Tutorial¶
ENIGMA is a method for deconvoluting bulk RNA-seq matrix into cell type fractions and cell type-specific expression matrices. User could freely explore the cell heterogeneity within the bulk RNA-seq samples, study the differential expression gene, cell type-specific gene co-expression module or differentiation trajectory. In this tutorial, I applied ENIGMA on NSCLC bulk RNA-seq and corresponding FACS RNA-seq collected by Gentles et al to illustrate the main steps of ENIGMA analysis.
1. Getting Started¶
The first step of ENIGMA require bulk RNA-seq and reference matrix to construct ENIGMA object, the ENIGMA object contains parameters and datasets for deconvolution in the following steps
suppressPackageStartupMessages(library(magrittr))
suppressPackageStartupMessages(library(scater))
suppressPackageStartupMessages(library(Biobase))

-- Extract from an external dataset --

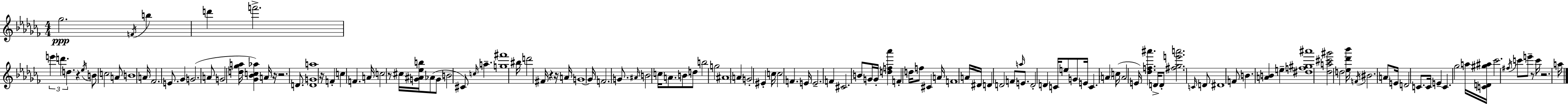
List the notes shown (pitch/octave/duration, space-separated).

Gb5/h. F4/s B5/q D6/q F6/h. E6/q D6/q. D5/q. R/q Eb5/s B4/e C5/h A4/e B4/w A4/s FES4/h. E4/e. Gb4/q G4/h. A4/e G4/h [D5,Gb5,A5]/s [Gb4,Bb4,C5,Ab5]/q A4/s R/s R/h. D4/e. [D4,G4,A5]/w R/s F4/q C5/q F4/q. A4/s C5/h R/e C#5/s [G4,A#4,Eb5,B5]/s Ab4/e G4/e B4/h C#4/e C5/s A5/q. [G5,F#6]/w BIS5/s D6/h F#4/s R/q R/s A4/s G4/w G4/s F4/h. G4/e. A#4/s B4/h C5/s A4/e. B4/e D5/e B5/h G5/h A#4/w A4/q G4/h EIS4/q C5/s C5/h F4/q. E4/s E4/h. F4/q C#4/h. B4/e G4/s G4/s [D5,F5,Ab6]/q F4/q D5/s F5/e C#4/q A4/s F4/w A4/s D#4/s D4/q D4/h F4/e A5/s E4/e. D4/h D4/q C4/s E5/e G4/e E4/s C4/q. A4/q C5/s A4/h E4/s [Db5,F5,A#6]/q. D4/s D4/e [F#5,Gb5,E6,A6]/h. C4/s D4/e D#4/w F4/e B4/q. [A4,B4]/q E5/q [D#5,F5,G#5,A#6]/w [Db5,A5,C#6,G#6]/h D5/h [Eb5,Db6,Bb6]/s F4/s BIS4/h. A4/e E4/s D4/h C4/e. C4/s E4/q C4/q. Gb5/h A5/s [C4,D4,G#5,A#5]/s CES6/h. F#5/s C6/e E6/e R/e C6/s R/h. A5/s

suppressPackageStartupMessages(library(ENIGMA))
dataNSCLC <- readRDS("/load/Data/Path/dataNSCLC.rds")
ref_sc <- readRDS("/load/Data/Path/ref.rds")
#We used the third patients to generate reference
ref_sc_sub <- ref_sc[,ref_sc$PatientID %in% "3" == TRUE]
ref_sc_sub <- ref_sc_sub[,ref_sc_sub$CellFromTumor %in% "1"]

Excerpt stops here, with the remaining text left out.